Five judges were appointed to the court in August, and further appointments were to be made before the act came into force. However, the dismissal of the Whitlam government prevented this, and the incoming Fraser government had a caretaker role until after the 13 December election. The efforts of Senator Ivor Greenwood to unproclaim the Family Law Act failed. When the act came into force, attorney-general Robert Ellicott had the task of making appointments to a court for which the government had little enthusiasm. The appointments came slowly, while a backlog of cases built up quickly. Many people had been waiting for the new legislation to come into force.
The Family Court and its legislation have always been surrounded by a certain amount of controversy. Some sections of the community have been unwilling to accept no-fault divorce, the concept of equality between husband and wife, or that decisions about children should be based on the children’s interests and needs. There has always been an element of patriarchal resentment and anger directed to the court. Widespread gender-based violence against women and murder of women by their partners has been paralleled in personal threats to judges, bomb threats, actual bombings and murders.
Over the last 45 years, the Family Court has assumed additional jurisdiction to cover all children, whether or not their parents are married, disputes between de facto partners, and same-sex relationships and marriages. Provisions have been added about superannuation, child support and child abduction.
Though the original Family Law Act did not refer expressly to violence, family violence and child abuse became major areas of concern for the court.
There remain difficult issues relating to the overlapping jurisdiction of the Family Court and state courts in relation to the protection of children from abuse. Other problems relate to the lack of resources and a reduction in the court’s in-house counselling and mediation services, the build-up of unacceptable delays in dealing with cases and increasing costs, exacerbated by lack of access to legal aid and the increasing complexity of matters.
To these problems has been added the most recent blow, namely the merger of the Family Court with the Federal Circuit Court, which for some years had been dealing with a range of family law matters under the Act in addition to its other jurisdictions, such as migration issues.
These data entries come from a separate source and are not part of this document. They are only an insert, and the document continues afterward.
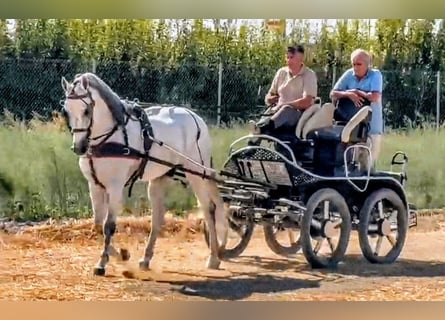 PRE, Hengst, 9 Jahre, 166 cm, Apfelschimmel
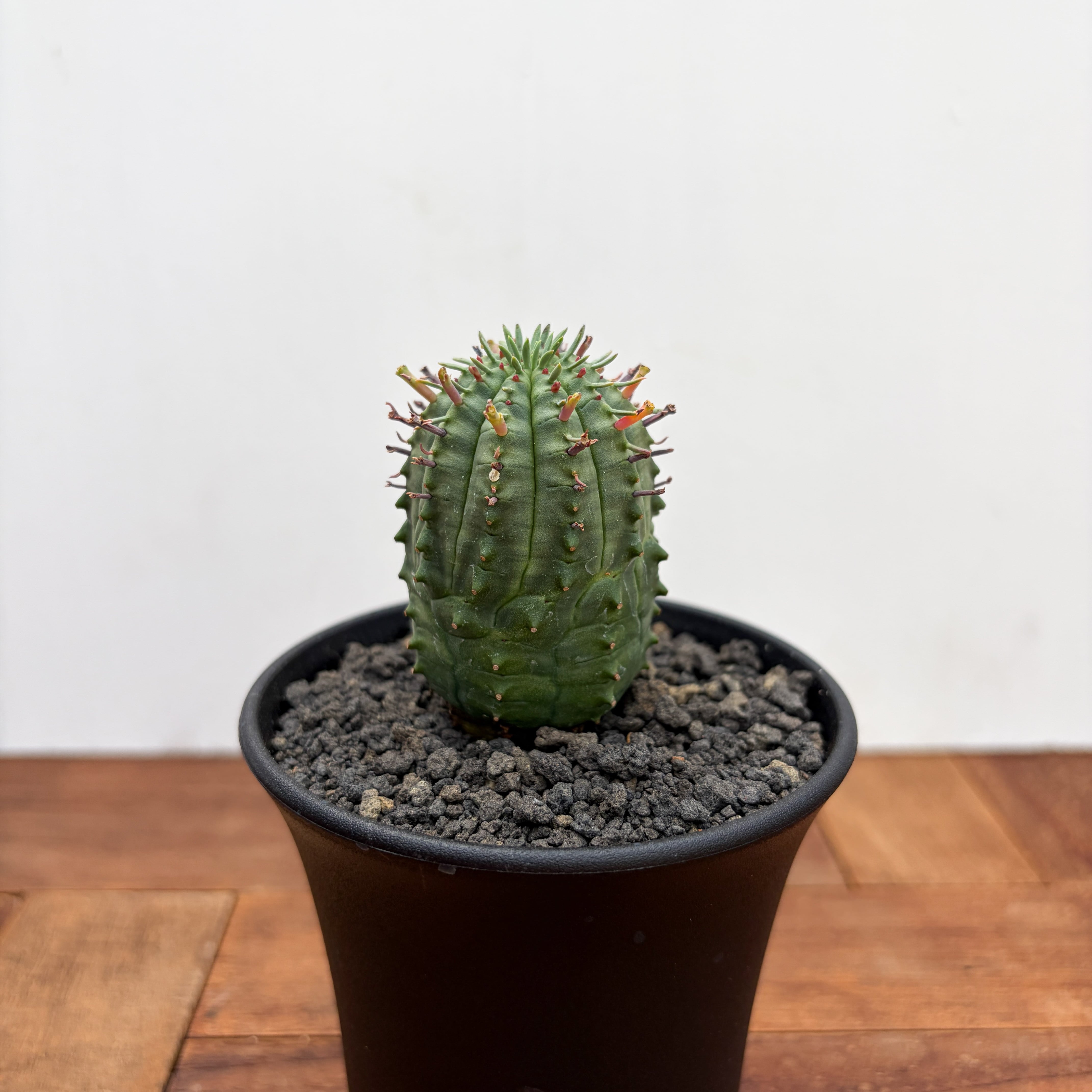 Euphorbia atroviridis【ユーフォルビア・アトロビリディス】 | RIMO'S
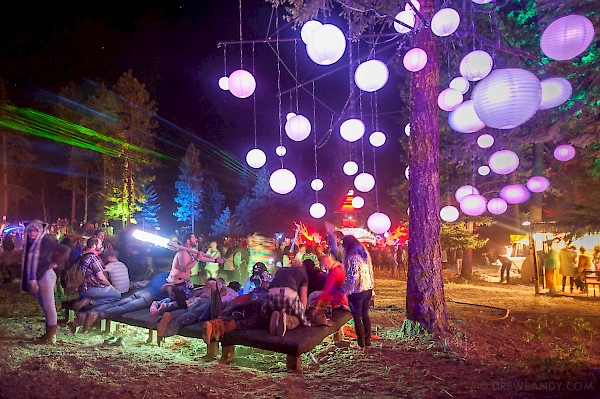 A scene from What The Festival's Illuminated Forest in 2015—click to see more photos by Drew Bandy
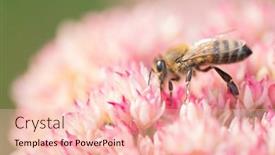  Presentation with pollen - Audience pleasing PPT theme consisting of honey-bees-collect-pollen backdrop and a lemonade colored foreground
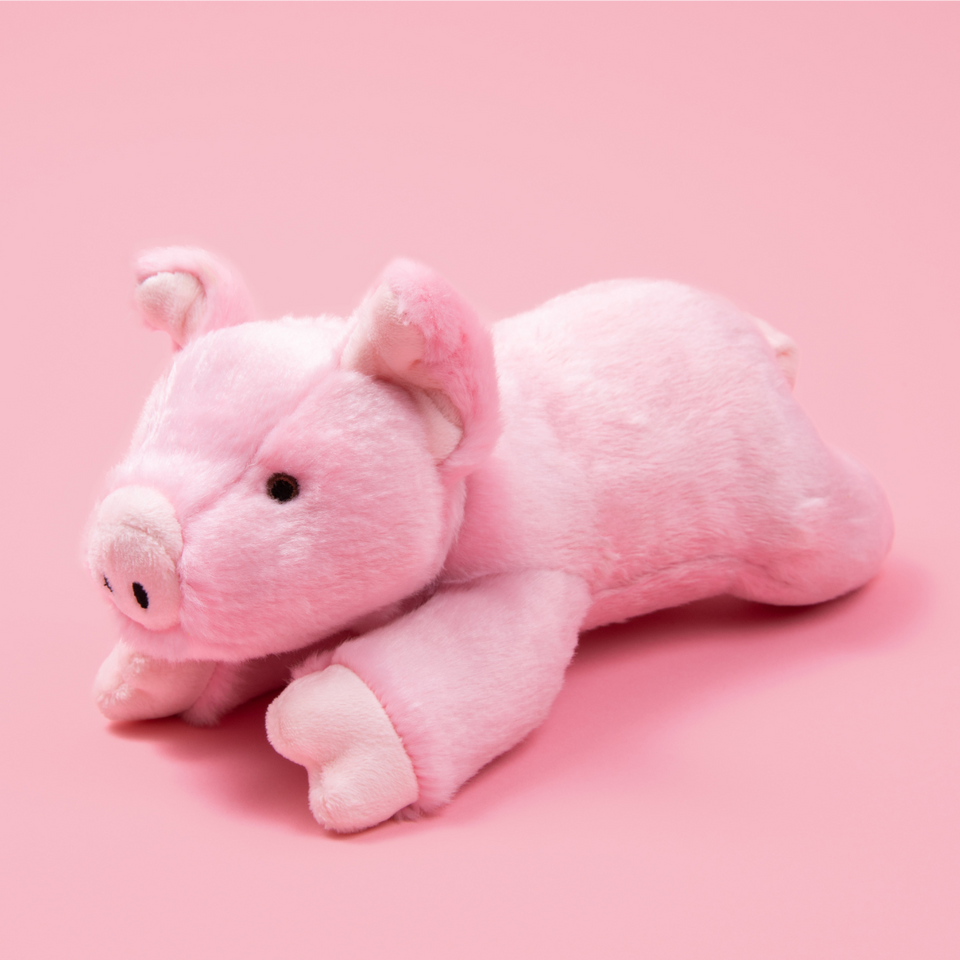 Petey Pig- Medium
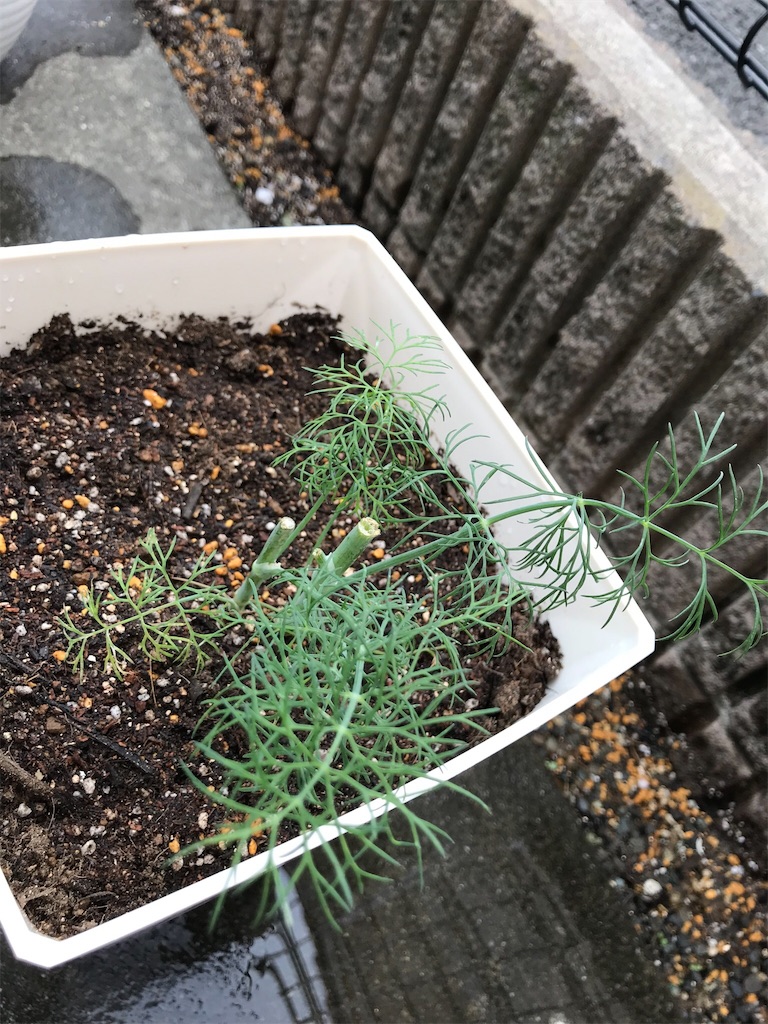 f:id:natural-life-25:20180612192324j:image f:id:natural-life-25:20180612192324j:image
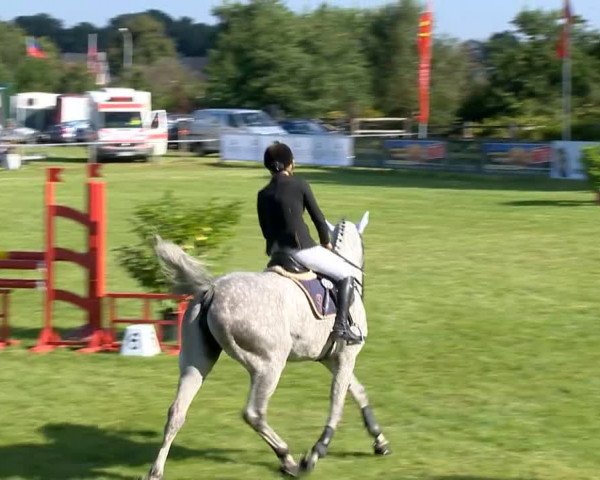 Reitertage Holdorf 2014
While this merger has brought all matters within one two-tier court (and thus closer to the original concept), this has been done at the great cost of losing the identity of the Family Court of Australia, which was established to administer the Family Law Act. An institution originally set up with special resources to provide support to families in troubled times is in danger of turning into one more court.
A lasting legacy
This is not the place to argue out the issues. The important point to note is that way back in 1974 and 1975, a totally new framework was envisaged for dealing with marital breakdown, and a court was set up with in-house counselling and mediation services. That the dreams were not fully realised does not mean that they had no validity. I have not wavered from my support for the general principles of the Family Law Act. The model it established was admired around the world, and remains one of the great legacies of Gough Whitlam and his attorney-general, Lionel Murphy.